WHAT YOU SHOULD DO -
Copy out the lines of the records below, and only those lines, from the one with "Адміністративне право України" through the one with "重生医妃狠角色-第43话-第5页", exactly as they appear.

MATERIAL FOR THE TASK -
-------
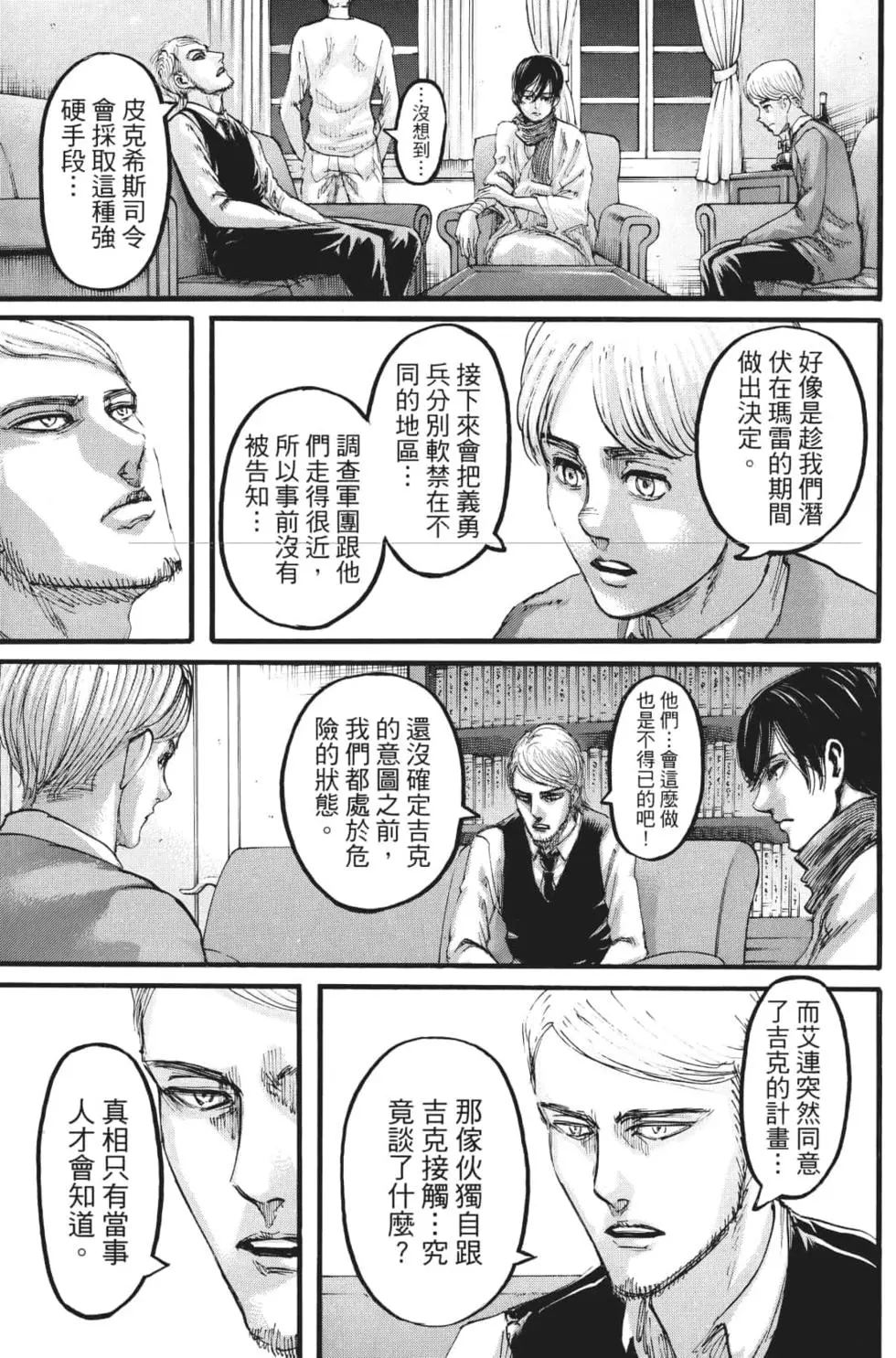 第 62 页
-------
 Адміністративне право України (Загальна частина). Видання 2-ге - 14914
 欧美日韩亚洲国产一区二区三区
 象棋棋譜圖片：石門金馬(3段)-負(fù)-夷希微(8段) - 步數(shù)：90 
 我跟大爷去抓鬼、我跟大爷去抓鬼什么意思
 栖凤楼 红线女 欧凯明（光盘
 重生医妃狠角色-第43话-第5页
-------
RESPONSE -
 Адміністративне право України (Загальна частина). Видання 2-ге - 14914
 欧美日韩亚洲国产一区二区三区
 象棋棋譜圖片：石門金馬(3段)-負(fù)-夷希微(8段) - 步數(shù)：90 
 我跟大爷去抓鬼、我跟大爷去抓鬼什么意思
 栖凤楼 红线女 欧凯明（光盘
 重生医妃狠角色-第43话-第5页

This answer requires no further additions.